How to Remove Grass Stains
How to Remove Grass Stains


Did your kids really have fun playing outside if they didn't march through the front door sporting bright green spotted pants? Grass stains are notorious for being difficult to remove, but if you're equipped with an understanding of their composition (and an effective all-purpose cleaner), you might not feel so helpless.

Stubborn grass stains contain chlorophyll, the green pigment of the plant's juices that are responsible for absorbing sunlight. This chlorophyll acts like a dye stain. They also contain chemical compounds called xanthophylls and carotenoids, which are pigmented as well. These are all naturally occurring compounds, so they will often bind to the fibers of a natural fabric like cotton, silk or wool. This means that using the wrong cleaning solution or technique may only cause it to fade a little, and could actually result in the spot becoming permanent.

You've got a tough stain to tackle, but you don't need to use potentially dangerous chemicals to get the job done. Depending on the type of fabric you're treating, both bleach and hydrogen peroxide can often do more harm than good and lead to discoloration. Ammonia can also permanently set the stain, as well as release harmful fumes which can result in dangerous chemical reactions. Products such as dish soap, white vinegar and rubbing alcohol might not work hard enough to restore clothes to their original color.

Simple Green All-Purpose Cleaner is a cleaner, degreaser, deodorizer and stain remover that powers out dirt and grime and removes stubborn stains on washable surfaces, including clothing and fabric.

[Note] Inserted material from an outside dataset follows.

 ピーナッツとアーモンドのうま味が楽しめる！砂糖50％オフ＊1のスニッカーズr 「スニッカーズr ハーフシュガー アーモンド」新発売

It's important to treat the stain as soon as possible after you notice it. Stains that are given time will set in the fabric even more, making them that much more difficult to remove.

  1. Get rid of grass and dirt. Begin by removing grass from the affected area.
  2. Wet. Dampen the stain with clean water. The key is to keep the area moistened with cold water so it doesn't set. Warm water and hot water work mostly for stains that are oily or greasy, so using cold water is best for grass stains. Wetting the stain before cleaning it simply softens it so it's more vulnerable to the effects of the cleaning solution.
  3. Pre treat with Simple Green All-Purpose Cleaner. Spray full strength Simple Green onto the stained area.
  4. Let the solution sit. Leave the solution on the stain for a few minutes so it has the chance to really sink into the fibers.
  5. Blot. Gently rub and blot with a clean damp towel or absorbent cloth.
  6. Air dry. Always let a stained garment air dry to make sure the stain has completely lifted before throwing it in the washing machine. If the stain is still visible once dry, repeat steps 2-5.
  7. Launder as usual. To ensure a complete clean for the rest of the garment, wash with your usual laundry detergent and dry as you would normally.